"""
Stale Data Periods
==================

Identifying stale data periods in a time series.
"""

# %%
# Identifing and removing stale, or consecutive repeating, values in time
# series data reduces noise when performing data analysis. This example shows
# how to use two PVAnalytics functions,
# :py:func:`pvanalytics.quality.gaps.stale_values_diff`
# and :py:func:`pvanalytics.quality.gaps.stale_values_round`, to identify
# and mask stale data periods in time series data.

import pvanalytics
from pvanalytics.quality import gaps
import matplotlib.pyplot as plt
import pandas as pd
import pathlib

# %%
# First, we import the AC power data stream that we are going to check for
# stale data periods. The time series we download is a normalized AC power time
# series from the PV Fleets Initiative, and is available via the DuraMAT
# DataHub:
# https://datahub.duramat.org/dataset/inverter-clipping-ml-training-set-real-data
# This data set has a Pandas DateTime index, with the min-max normalized
# AC power time series represented in the 'value_normalized' column.
# Additionally, there is a "stale_data_mask" column, where stale periods are
# labeled as True, and all other data is labeled as False. The data
# is sampled at 15-minute intervals.

pvanalytics_dir = pathlib.Path(pvanalytics.__file__).parent
file = pvanalytics_dir / 'data' / 'ac_power_inv_2173_stale_data.csv'
data = pd.read_csv(file, index_col=0, parse_dates=True)
data = data.asfreq("15min")
data['value_normalized'].plot()
data.loc[data["stale_data_mask"], "value_normalized"].plot(ls='', marker='.')
plt.legend(labels=["AC Power", "Inserted Stale Data"])
plt.xlabel("Date")
plt.ylabel("Normalized AC Power")
plt.tight_layout()
plt.show()

# %%
# Now, we use :py:func:`pvanalytics.quality.gaps.stale_values_diff` to
# identify stale values in data. We visualize the detected stale periods
# graphically. Please note that nighttime periods generally contain consecutive
# repeating 0 values, which are flagged by
# :py:func:`pvanalytics.quality.gaps.stale_values_diff`.

stale_data_mask = gaps.stale_values_diff(data['value_normalized'])
data['value_normalized'].plot()
data.loc[stale_data_mask, "value_normalized"].plot(ls='', marker='.')
plt.legend(labels=["AC Power", "Detected Stale Data"])
plt.xlabel("Date")
plt.ylabel("Normalized AC Power")
plt.tight_layout()
plt.show()

# %%
# Now, we use :py:func:`pvanalytics.quality.gaps.stale_values_round` to
# identify stale values in data, using rounded data. This function yields
# similar results as :py:func:`pvanalytics.quality.gaps.stale_values_diff`,
# except it looks for consecutive repeating data that has been rounded to
# a settable decimals place.
# Please note that nighttime periods generally
# contain consecutive repeating 0 values, which are flagged by
# :py:func:`pvanalytics.quality.gaps.stale_values_round`.

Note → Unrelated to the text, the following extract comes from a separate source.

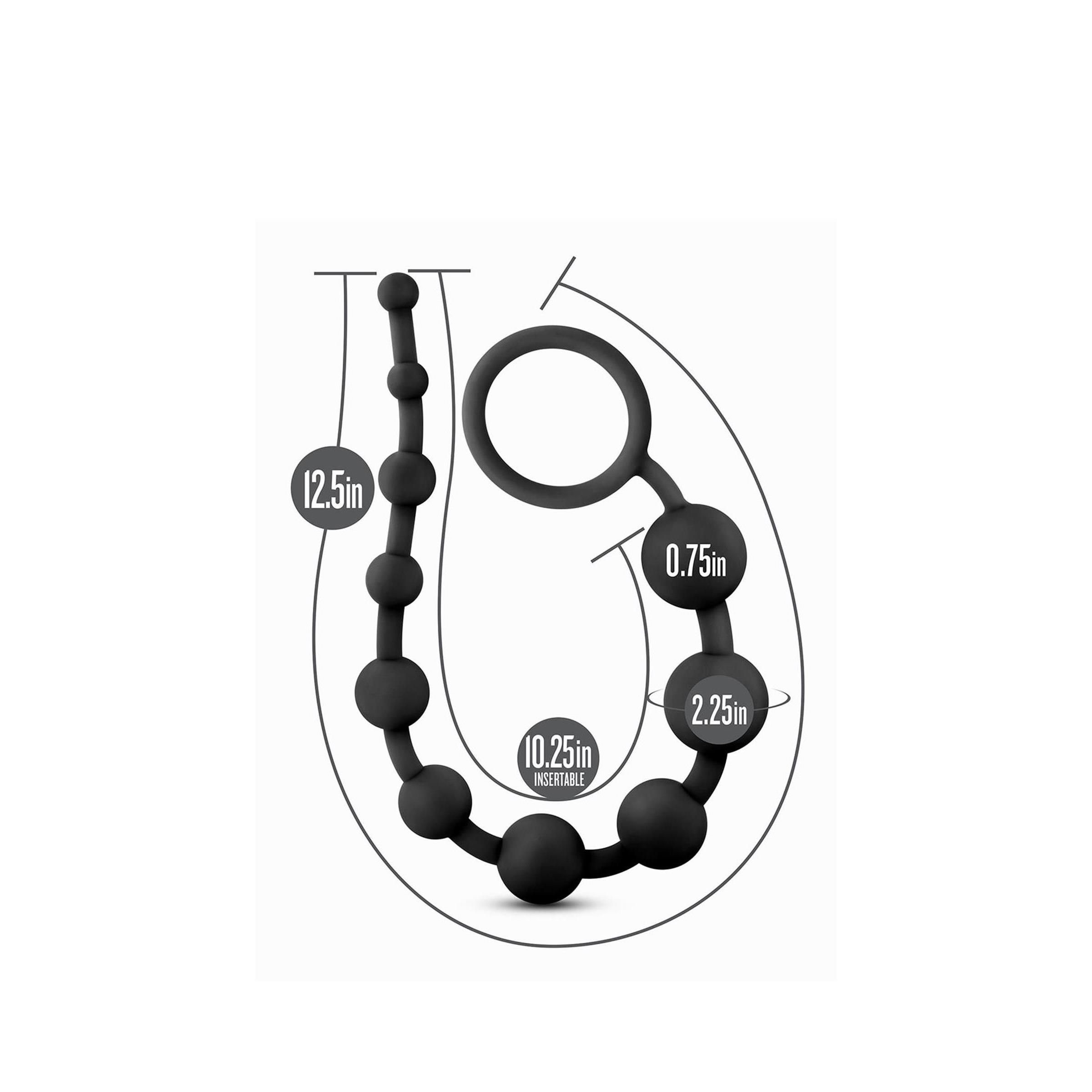 Schwarze Anal Beads mit Größenangaben. Bestehend aus unterschiedlich großen Kugeln, verbunden durch einen Strang und einen Ring.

stale_data_round_mask = gaps.stale_values_round(data['value_normalized'])
data['value_normalized'].plot()
data.loc[stale_data_round_mask, "value_normalized"].plot(ls='', marker='.')
plt.legend(labels=["AC Power", "Detected Stale Data"])
plt.xlabel("Date")
plt.ylabel("Normalized AC Power")
plt.tight_layout()
plt.show()